====== Material to process ======

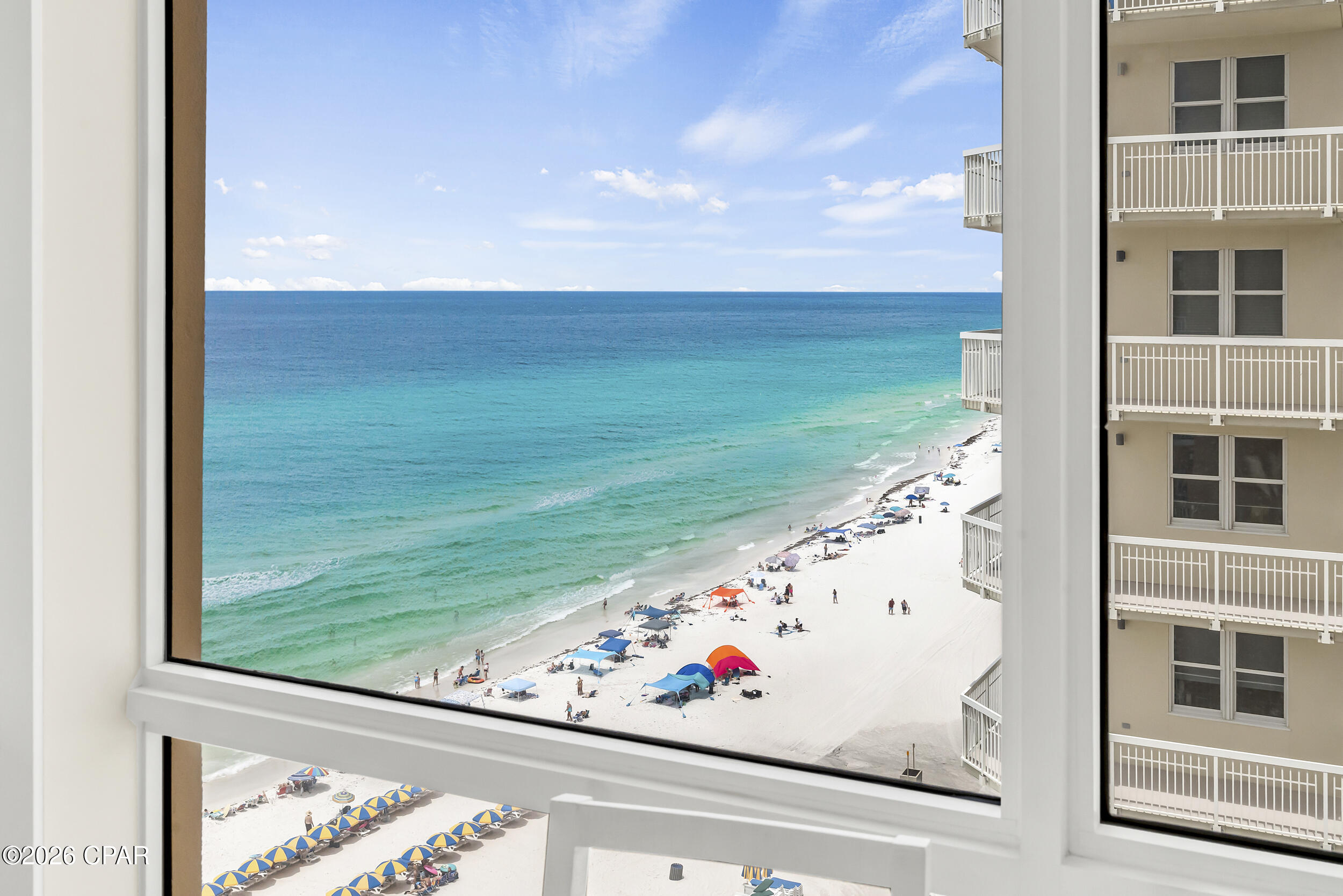 Splash Condo - Residential
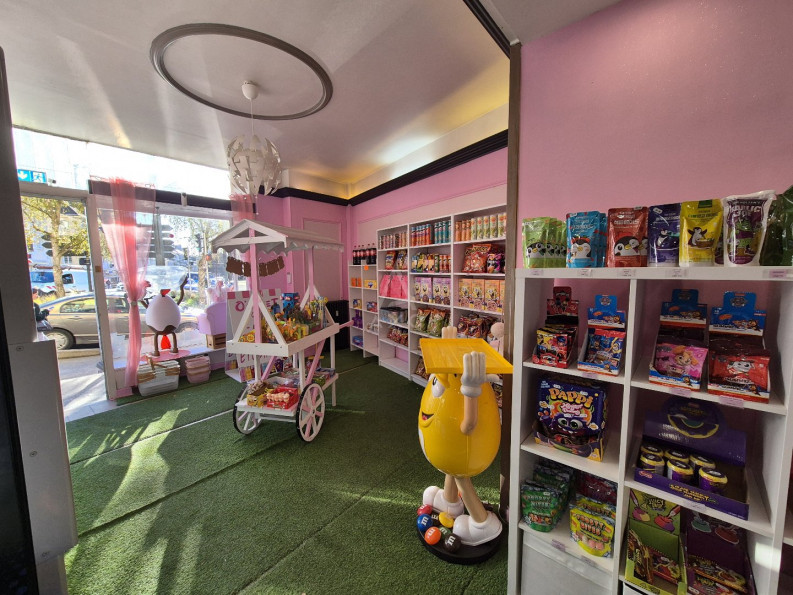 vente Alimentation Caen - Photo 2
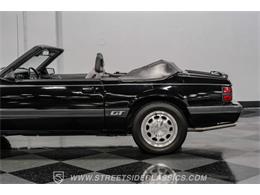1986 Ford Mustang (CC-2071212) for sale in Ft Worth, Texas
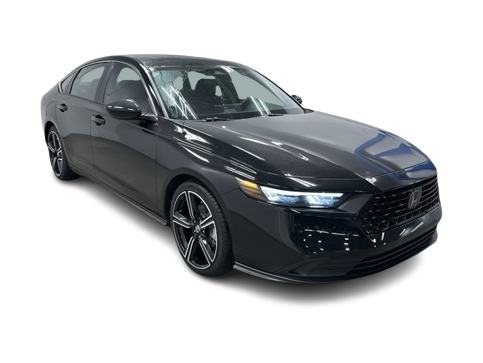 Thumbnail: 2025 Honda Accord - 16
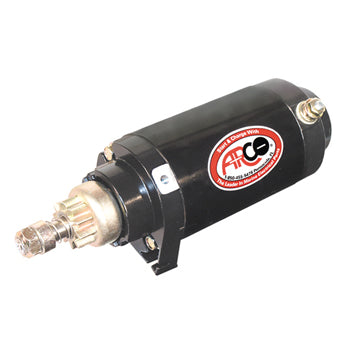 Starter Motor 10 Tooth ARCO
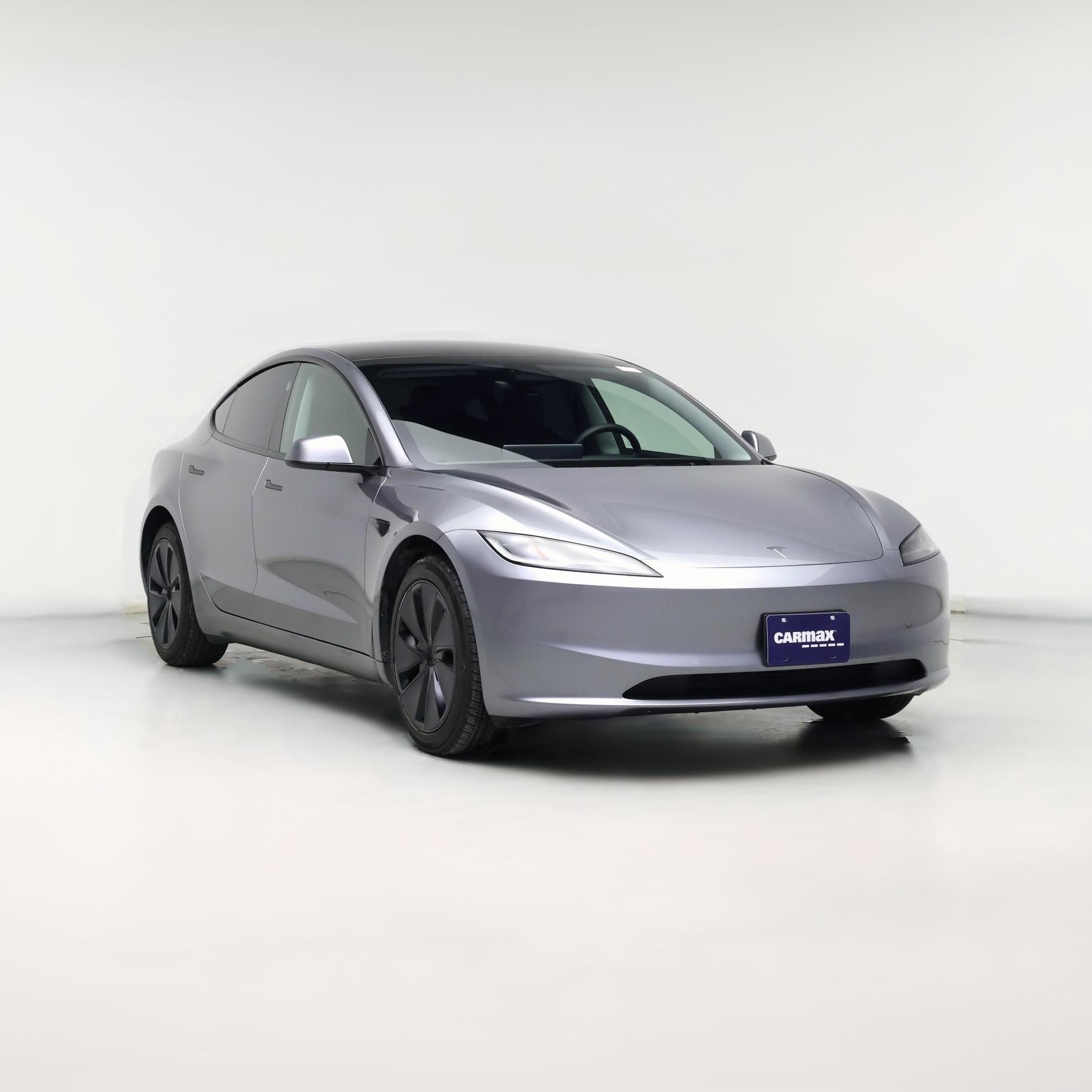 Thumbnail: 2025 Tesla Model 3 - 1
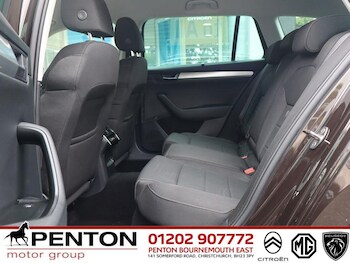 Used Skoda Superb 2019 for sale - 75478599: Photo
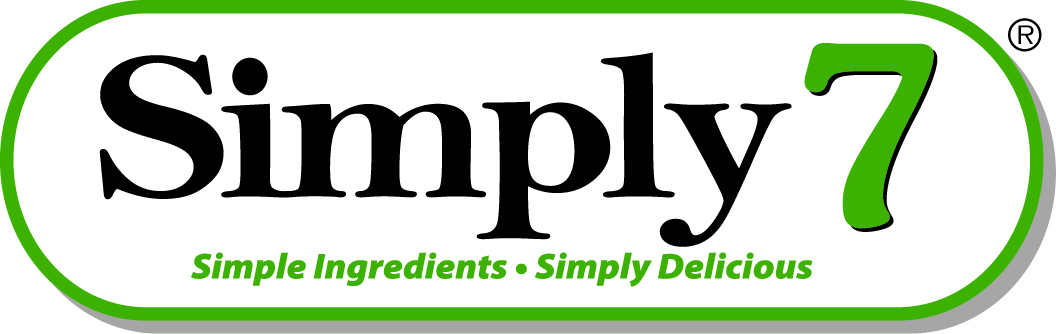 Simply7 logo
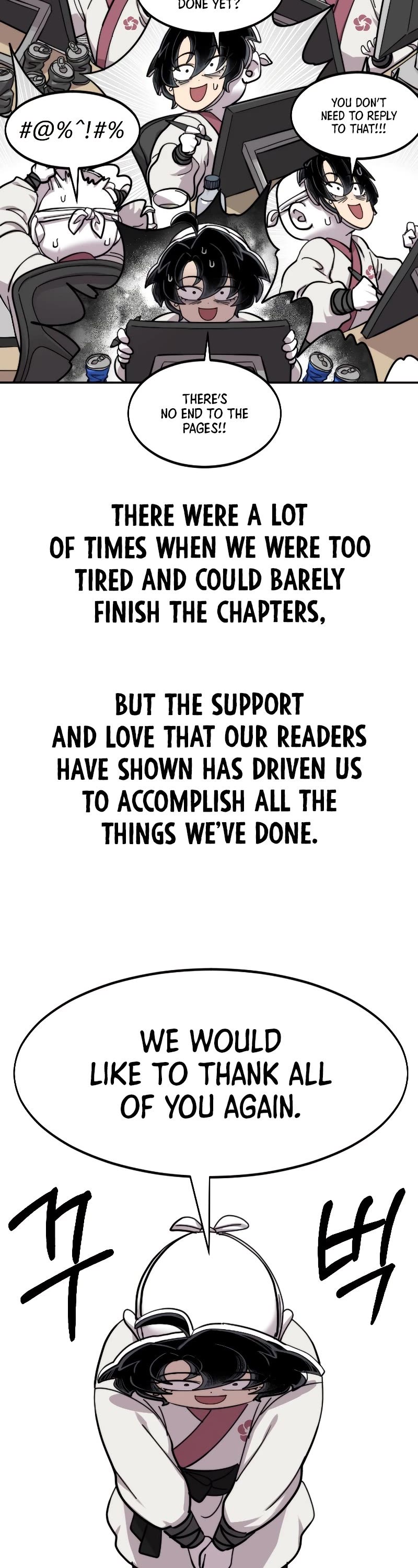 Read Return of the Mount Hua Sect ENGLISH Manga Online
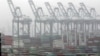 Labor Dispute at Key US Cargo Port Enters Week 2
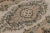 1970s Vintage Floral Design Handmade Sparta Area Rug For Sale In Sacramento - Image 6 of 10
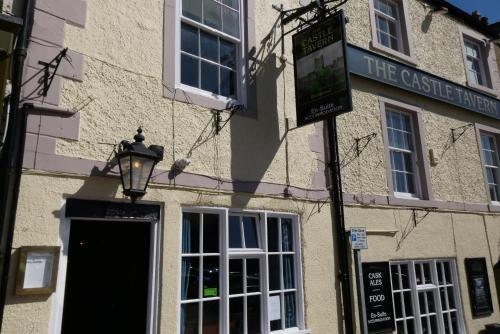 The Castle Tavern Richmond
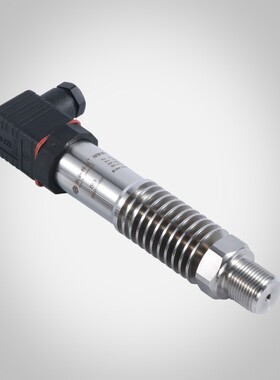 耐高低温压力变送传感器4~20mA高精度带显示小巧型氮气空气1.6MPa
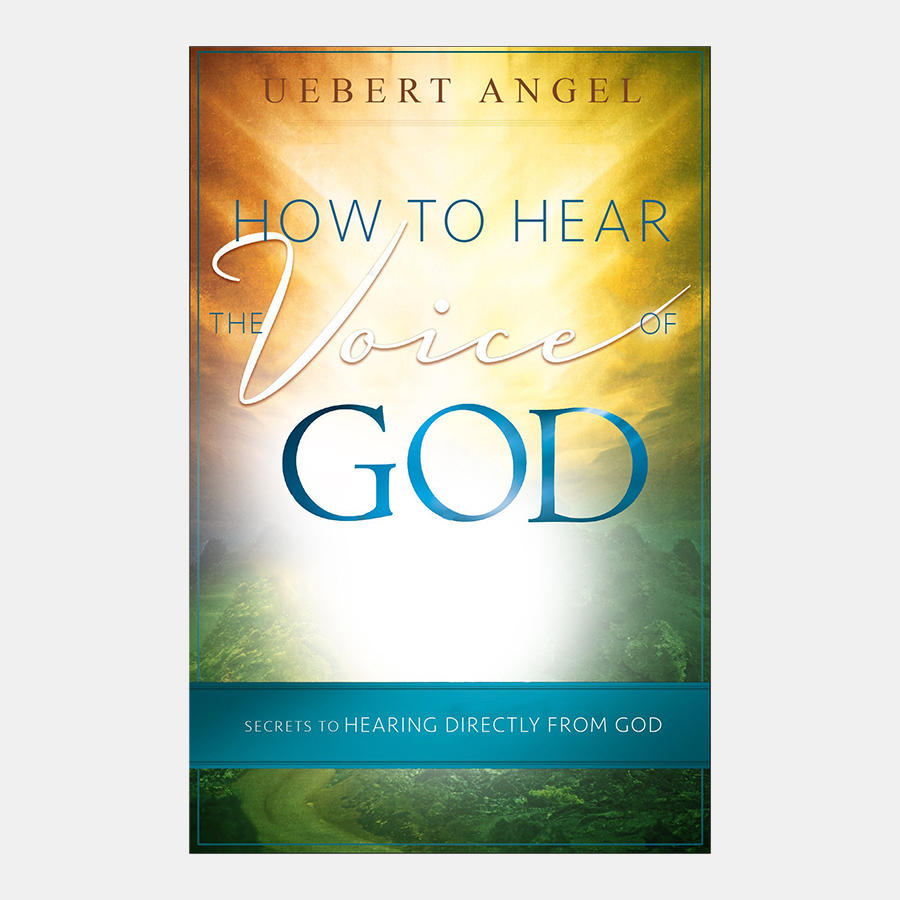 GoodNewsStore's tweet photo. How to hear the voice of God 

The secrets to HEARING DIRECTLY FROM GOD https://t.co/SlKsqDYqZc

======

What the exercise asks »
Before printing anything, remove the pictures; then print all the records exactly.

Task result »
 Splash Condo - Residential
 vente Alimentation Caen - Photo 2
1986 Ford Mustang (CC-2071212) for sale in Ft Worth, Texas
 Thumbnail: 2025 Honda Accord - 16
 Starter Motor 10 Tooth ARCO
 Thumbnail: 2025 Tesla Model 3 - 1
 Used Skoda Superb 2019 for sale - 75478599: Photo
 Simply7 logo
 Read Return of the Mount Hua Sect ENGLISH Manga Online
 Labor Dispute at Key US Cargo Port Enters Week 2
 1970s Vintage Floral Design Handmade Sparta Area Rug For Sale In Sacramento - Image 6 of 10
 The Castle Tavern Richmond
 耐高低温压力变送传感器4~20mA高精度带显示小巧型氮气空气1.6MPa
 GoodNewsStore's tweet photo. How to hear the voice of God 

The secrets to HEARING DIRECTLY FROM GOD https://t.co/SlKsqDYqZc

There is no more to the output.